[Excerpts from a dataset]
-=-=-=-=-
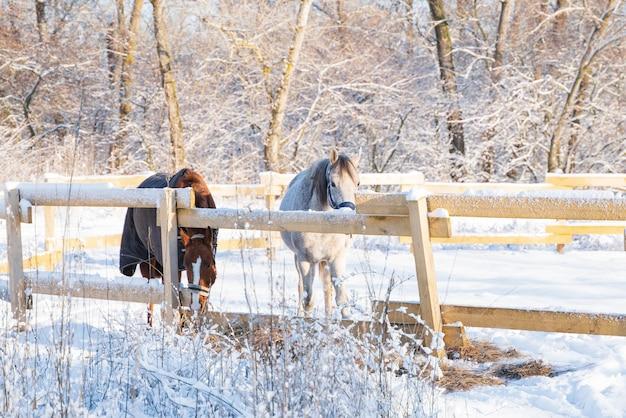 What do wild horses eat in the winter? 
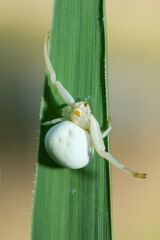 Female Spider Misumena vatia, a species of crab spider from the large genus Misumena.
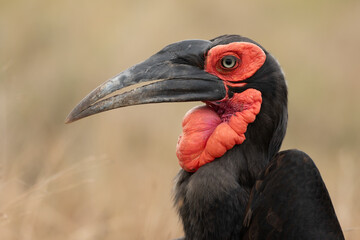 southern ground hornbill © Steve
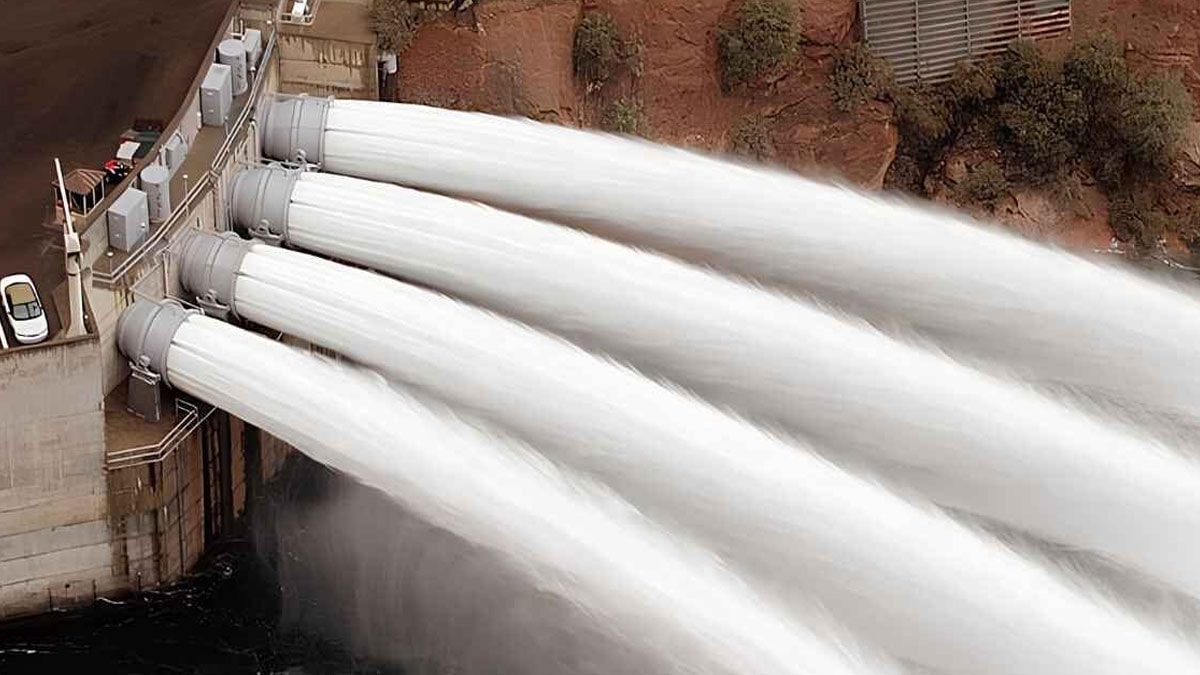 Balıkları kurtarmak isterken 25 milyon dolar buhar oldu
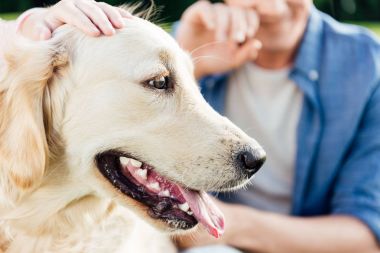 Dilini çıkarmış Golden retriever köpeği.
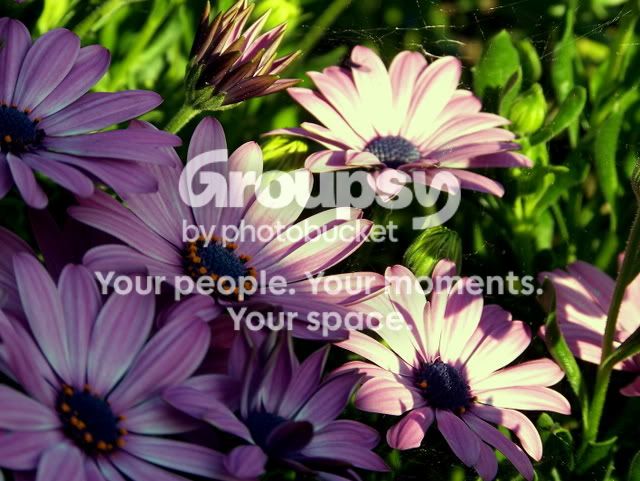 3-21-07055.jpg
-=-=-=-=-
TASK BRIEF: Your answer must be the lines from the one containing "Dilini çıkarmış Golden retriever köpeği." through the last line of the records, copied exactly, with no pictures.

RESULT OF THIS EXERCISE:
 Dilini çıkarmış Golden retriever köpeği.
 3-21-07055.jpg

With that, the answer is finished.